The Transfer of Undertakings (Protection of Employment) Regulations 2006 (or TUPE) can be one of the most troublesome pieces of legislation faced by employers and it is something which has been in the sights of the government for some time.
The government has now published it’s response to its consultation on TUPE and, the response highlights a number of key changes aimed at removing unfair legal risks to employers and reducing the bureaucracy involved in transfers.

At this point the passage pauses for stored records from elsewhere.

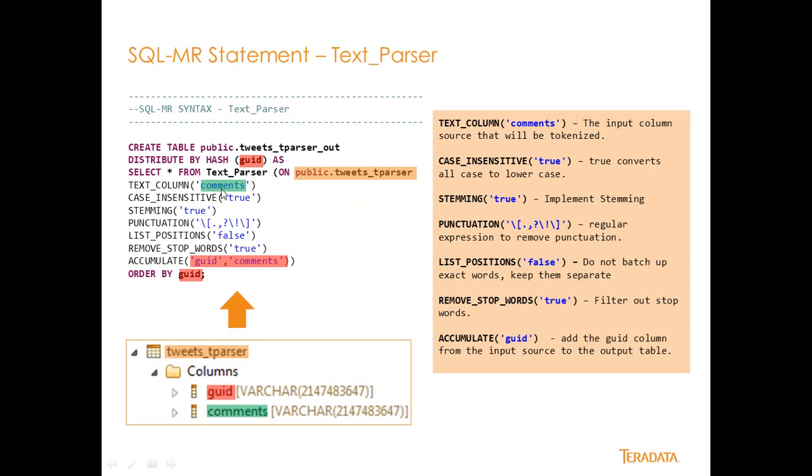Text column is the comments field, which is one of my fields here. So this is the actual field that we're going to take action on. This field belongs to this particular table right there. Case insensitive, true. So we're just going to normalize everything to lowercase. We're going to implement stemming, which is that fish example I gave earlier. So we're actually going to normalize all the words inside of our stream.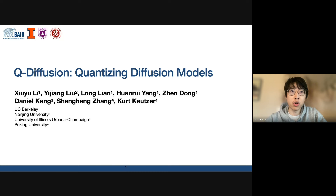Thanks Ahmed for the introduction and let me share my screen now. Today I'm happy to present our recent work here on quantizing diffusion models. This is joint work with collaborators from Nanjing University, UIUC, and Peking University.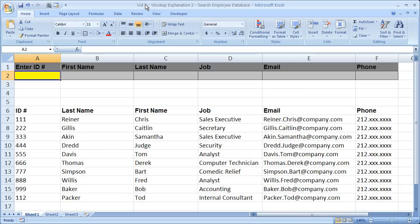Hi and welcome to this tutorial. Here I'm going to show you how to use the VLOOKUP function to search an employee database using ID numbers.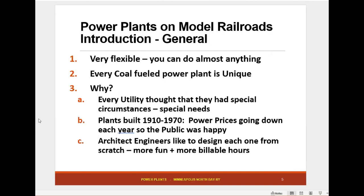Power plants for a model railroad are very flexible — you can do almost anything with them. Every coal-fueled plant is unique; they didn't standardize. Every utility thought they had special circumstances. I worked at probably about 100 power plants during my career, because after my time at one plant I did consulting all over the place. The plants were built from 1910 to 1970, power prices were going down every year, so the public and utility commissions were happy. The architect engineers liked to design each one from scratch — it's more fun, and of course more billable hours. That's the cynic in me.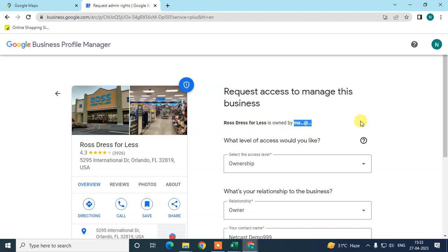After submitting, a verification email will be sent to the current owner. If the owner accepts your request, ownership will be transferred to you. If the owner declines your request, Google will send you a mail where you can appeal.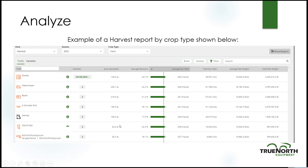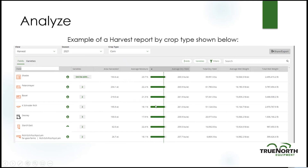In Op Center under Analyze, doing harvest for 2021 corn and running a fields report shows yields sorted highest to lowest — this top field yielded 265 across the whole board. There are many other fields if you scroll down.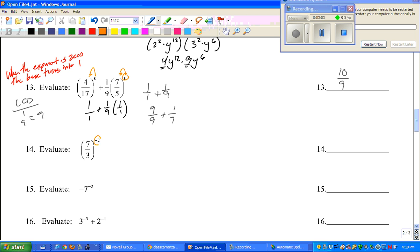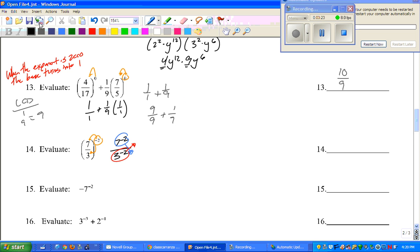For number 14, distribute. We get 7 to the negative 2nd and 3 to the negative 2nd. When your exponent is negative, you drop it like it's hot. If it's already on the bottom, bring it to the top. So we've got 3 squared over 7 squared. 3 squared is 9, 7 squared is 49. Can you reduce that fraction? No, you cannot. So the answer is 9 over 49.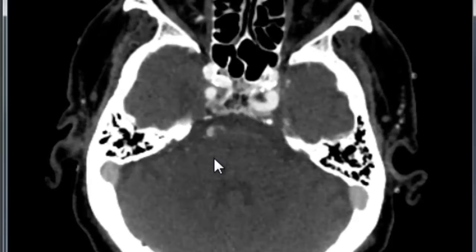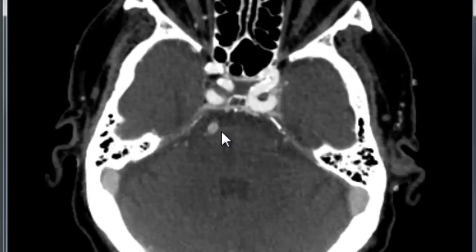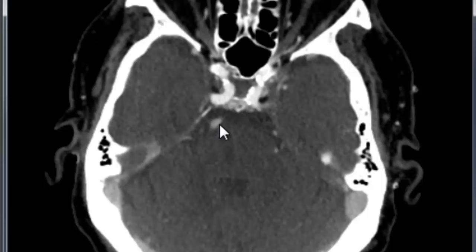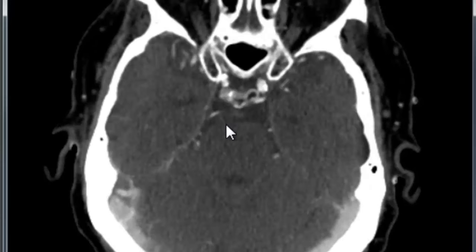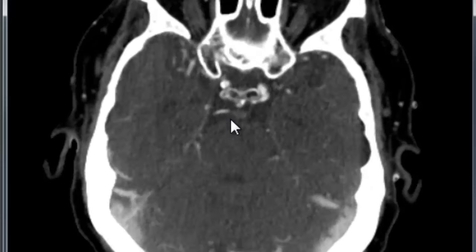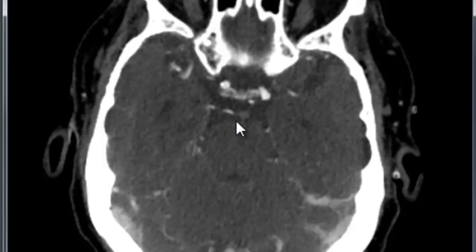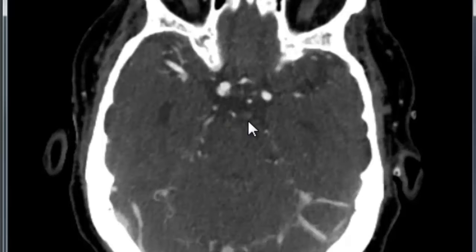We'll see why shortly. As we come up farther, we see the basilar about midway stop, and we no longer see contrast opacification. Here's the unopacified basilar artery in cross-section.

Below are some of the TUPE key changes that should make life easier:
- You will be able to renegotiate the terms agreed from collective agreements one year after transfer, provided those changes are no less favourable to your staff;
- You will be able to make redundancies where a workplace is changed for economic, technical or organisational reasons, thus preventing genuine place of work redundancies from being automatically unfair;
- For there to be a TUPE service provision change, the service provision has to be “fundamentally or essentially the same” as it was prior to the transfer;
- Microbusinesses will be able to inform and consult directly with employees;
- In some circumstances, a TUPE consultation will satisfy collective redundancy consultation rules.

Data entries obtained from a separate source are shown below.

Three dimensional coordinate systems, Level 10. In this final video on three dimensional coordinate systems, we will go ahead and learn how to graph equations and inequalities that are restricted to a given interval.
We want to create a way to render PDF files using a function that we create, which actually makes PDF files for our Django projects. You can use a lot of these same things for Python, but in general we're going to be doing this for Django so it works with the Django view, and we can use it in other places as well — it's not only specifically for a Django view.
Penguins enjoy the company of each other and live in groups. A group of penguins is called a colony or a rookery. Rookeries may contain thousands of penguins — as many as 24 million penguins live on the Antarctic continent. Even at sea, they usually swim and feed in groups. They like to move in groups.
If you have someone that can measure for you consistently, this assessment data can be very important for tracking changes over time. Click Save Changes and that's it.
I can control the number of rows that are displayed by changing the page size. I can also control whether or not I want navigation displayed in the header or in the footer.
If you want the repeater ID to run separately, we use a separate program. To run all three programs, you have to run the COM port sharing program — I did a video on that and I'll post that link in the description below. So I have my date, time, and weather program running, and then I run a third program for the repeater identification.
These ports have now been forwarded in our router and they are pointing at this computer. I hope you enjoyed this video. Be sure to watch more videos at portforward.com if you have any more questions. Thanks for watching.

However, two key areas will not be changed:
- the transferor will still be obliged to provide employee liability information; however they would be able to do so within 28 days.
- a ‘service provision change’ will still equate to a TUPE transfer
Whilst the Government’s Response does not indicate a proposed implementation date, the Department for Business Innovation & Skills has indicated this might be as early as January 2014.
Some employers may be disappointed that the government’s proposed reforms are not nearly as far reaching as it’s intial sound-bites might have led us to believe, however, TUPE is a piece of legislation which originates from European law and, as such, the government is limited in what it can change.